Lei scosse la testa, e il profumo dei suoi capelli rossi mi investì. Desiderai sentirli tra le dita, per scoprire se erano morbidi come sembravano. Cercando di capire se era fragola, il profumo dolce che sentivo, o qualcos’altro.
La lasciai andare, quasi precipitosamente.
Se le avessi davvero accarezzato i capelli, avrebbe pensato che fossi pazzo.
«No, non è nulla» disse, poi sorrise, imbarazzata.
Lasciai che mi superasse per andare a scegliersi un gufo, quando vidi qualcosa per terra brillare.
Era un fermacapelli, che doveva essersi sfilato dai suoi capelli durante lo scontro.
Lo presi, e per un attimo fui sul punto di farle notare che le era caduto; invece decisi di ficcarlo in tasca, e me ne andai.
 
 

Just don’t leave
dont’ leave

 
 
Sognai una cascata rossa avvolgermi, e labbra calde sfiorarmi piano. Immaginai di poter risvegliare ancora una volta il suo sorriso, e sentirle sussurrare parole d’amore.
Non so, esattamente, quando smisi di mentire a me stesso.
Scoprire che non m’importava nulla della sua famiglia non mi lasciò sorpreso, come non mi lasciò stupito la consapevolezza di trovare rivoltante l’idea di usarle violenza.
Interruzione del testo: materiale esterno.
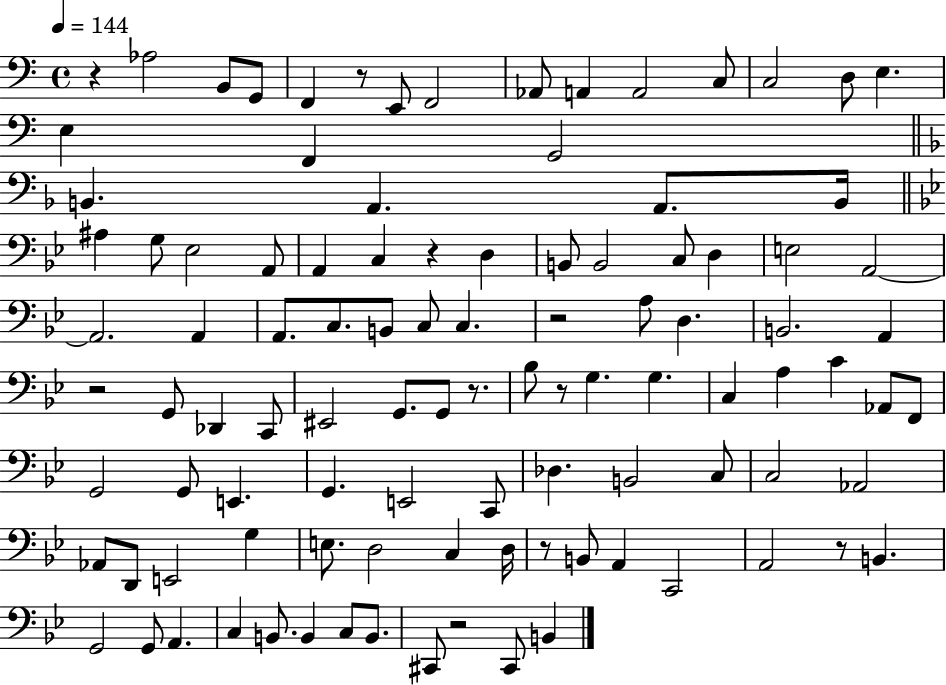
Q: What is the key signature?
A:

Aveva occhi troppo belli per desiderare di vederli impauriti o arrossati dal pianto, e capii che l’unica cosa che volevo davvero, era stare con lei. E se mai mi avesse concesso il suo corpo, anche quello sarebbe stato amore.
Perché era sempre stato amore, anche se immaturo e violento e rabbioso.
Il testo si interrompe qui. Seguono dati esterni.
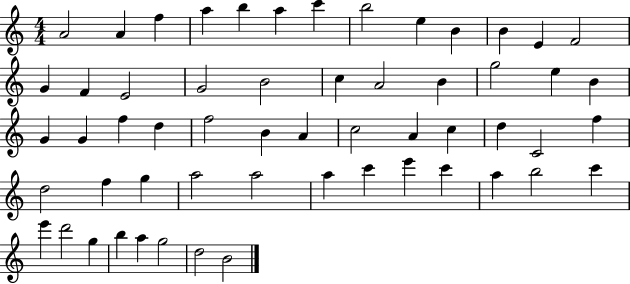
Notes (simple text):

Era amore, e l’amore sapeva aspettare.

 
 
**
Note: Questa OS è nata dal bisogno di scrivere un po’ di Scorpius, visto che nella mia long il punto di vista è sempre quello di Lily. Non è necessario aver letto “Rewind – Nodo di sangue”  per leggerla, quindi non ho messo l’avvertimento ad inizio lettura.
Il titolo, come i versi della shot, sono della canzone omonima dei Radiohead.
Spero vi sia piaciuta, quanto è piaciuto a me scriverla.